TASK REQUIREMENTS — Reproduce, exactly and only, the lines of the data that follows from the one containing "Photo of Outdoor in Lavastrie" down to the one containing "Elgjakt Dørålen 2026", without pictures.

LISTED RECORDS —
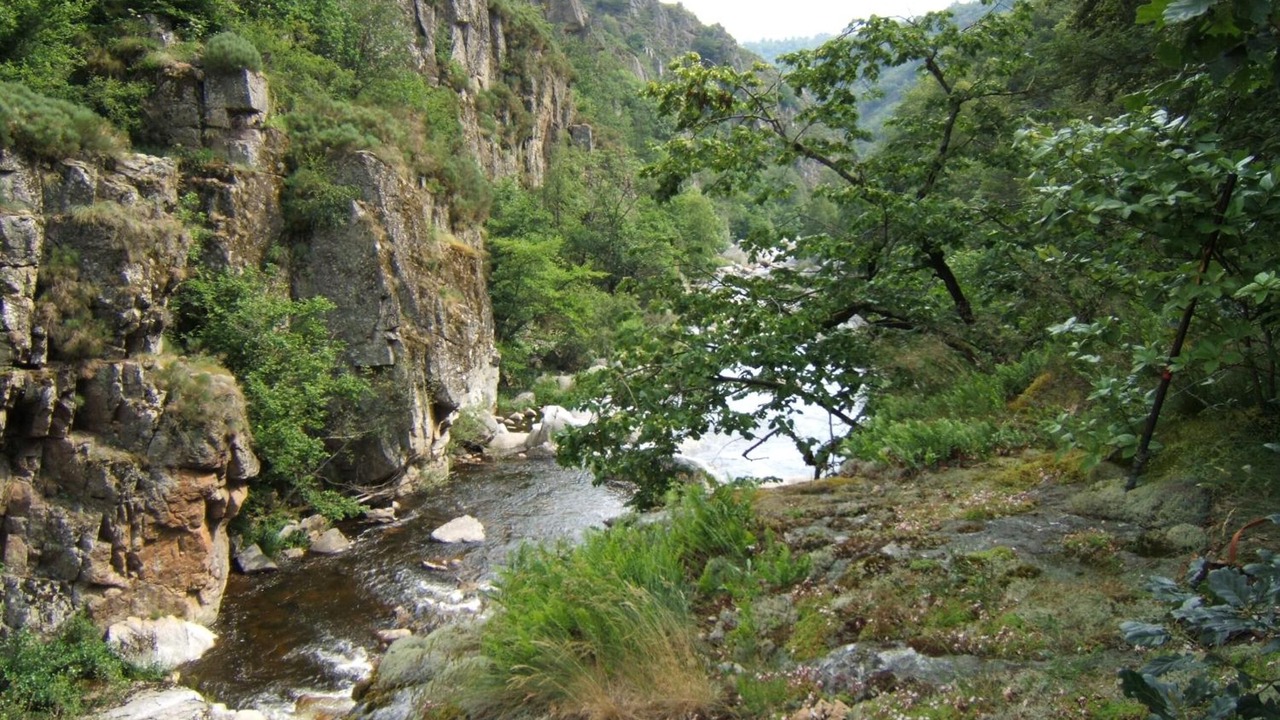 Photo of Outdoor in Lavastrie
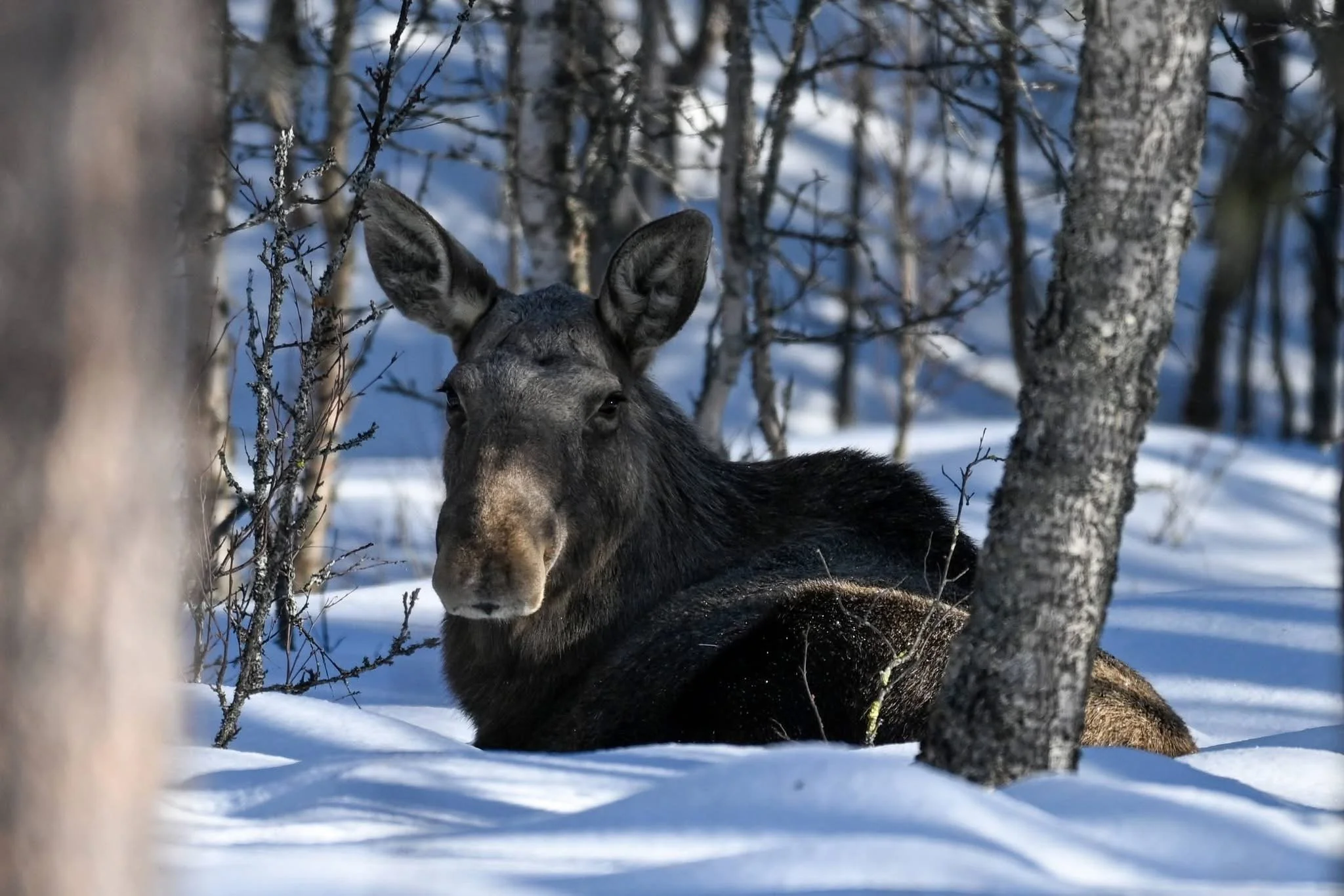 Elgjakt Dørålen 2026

...

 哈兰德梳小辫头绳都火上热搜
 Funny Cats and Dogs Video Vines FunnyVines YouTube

EXPECTED OUTPUT —
 Photo of Outdoor in Lavastrie
 Elgjakt Dørålen 2026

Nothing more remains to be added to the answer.